|Publication number||US4421471 A|
|Application number||US 06/421,951|
|Publication date||Dec 20, 1983|
|Filing date||Sep 23, 1982|
|Priority date||Apr 11, 1980|
|Also published as||DE3014068A1, DE3014068C2, US4409166|
|Publication number||06421951, 421951, US 4421471 A, US 4421471A, US-A-4421471, US4421471 A, US4421471A|
|Original Assignee||Bucher-Guyer A.G.|
|Export Citation||BiBTeX, EndNote, RefMan|
|Patent Citations (3), Referenced by (11), Classifications (32), Legal Events (4)|
|External Links: USPTO, USPTO Assignment, Espacenet|
This is a division of application Ser. No. 250,233, filed Apr. 2, 1981, pending.
In a method of the aforedescribed kind and an apparatus for carrying out the method, as taught in German laid-open patent specification DE-OS 27 41 800, published July 31, 1980, a mold containing ceramic material is hydraulically lifted for being acted upon by a quasi-static pressure, until the piston or the pistons which are mounted on a stationary press yoke have reached a previously adjusted end position in the mold.
In another method for the manufacture of fireproof bricks the ceramic material or sand contained in the mold is subjected to an impact force. The impact force may be obtained by a so called over-pressure hammer, or air hammer, or by means of a friction screw press.
Each of the known methods has specific disadvantages. In the methods using the quasi-static pressure, although the initial costs are relatively low, a limited homogeneity and density is obtained within the bricks when certain sand is used. If an over-pressure hammer, or air hammer is used for carrying out the method using impact pressure, the resultant homogeneity of the bricks, which have been manufactured, is much better, but in view of the high initial costs, and the long processing time, the manufacturing cost of the fireproof bricks is rather high. In view of the functioning of the over-pressure hammer, or the air hammer, the necessary forces are only obtained if the impact piston has a long stroke, or is allowed to fall from a considerable height. Further, in order to achieve the required homogeneity of the manufactured bricks, an impact energy is required, which can only be obtained by lifting the impact piston several times. If friction screw-presses are used, in view of the limited output of the drive, it is not only necessary to increase the processing time, but the pressure force is also limited in view of the inclination between the screw thread and the machine frame, so that the bricks are of a relatively low quality, in spite of the high manufacturing costs.

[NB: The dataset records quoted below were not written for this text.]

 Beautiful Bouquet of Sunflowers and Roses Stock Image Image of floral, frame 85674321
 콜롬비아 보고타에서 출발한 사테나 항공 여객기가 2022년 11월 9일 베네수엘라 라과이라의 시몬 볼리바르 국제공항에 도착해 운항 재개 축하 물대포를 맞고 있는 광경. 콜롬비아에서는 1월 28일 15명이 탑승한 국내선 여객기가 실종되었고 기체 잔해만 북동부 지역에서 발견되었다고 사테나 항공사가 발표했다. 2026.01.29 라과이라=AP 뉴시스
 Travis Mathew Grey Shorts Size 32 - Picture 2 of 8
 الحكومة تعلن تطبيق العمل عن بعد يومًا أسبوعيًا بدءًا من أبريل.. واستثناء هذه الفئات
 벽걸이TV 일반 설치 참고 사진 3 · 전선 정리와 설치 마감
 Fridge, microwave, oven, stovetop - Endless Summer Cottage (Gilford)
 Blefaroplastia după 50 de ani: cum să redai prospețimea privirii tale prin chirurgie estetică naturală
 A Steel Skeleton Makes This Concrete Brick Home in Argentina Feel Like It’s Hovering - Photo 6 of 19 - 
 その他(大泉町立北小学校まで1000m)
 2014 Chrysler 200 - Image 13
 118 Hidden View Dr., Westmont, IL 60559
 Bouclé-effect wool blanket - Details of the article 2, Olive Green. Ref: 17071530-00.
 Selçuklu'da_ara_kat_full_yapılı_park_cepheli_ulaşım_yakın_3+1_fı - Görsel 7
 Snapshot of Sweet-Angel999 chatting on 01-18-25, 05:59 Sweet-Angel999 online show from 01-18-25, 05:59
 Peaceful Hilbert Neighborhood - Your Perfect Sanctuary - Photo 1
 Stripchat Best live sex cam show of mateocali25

Reference should also be had to the following pending patent applications of the inventor of the present invention, also assigned to the assignee of the present invention:
Application Ser. No. 74,974, filed Sept. 13, 1979, entitled "Press with easily exchangeable Proof Plates," and application Ser. No. 69,547, filed Aug. 24, 1979, entitled "Method and Apparatus for Manufacturing Hollow Bodies."
One of the principal objects of the invention is a method of the aforedescribed type for the manufacture of fireproof bricks, where a better homogeneity and a particularly high density is obtained in the manufactured bricks while reducing initial plant costs and processing time.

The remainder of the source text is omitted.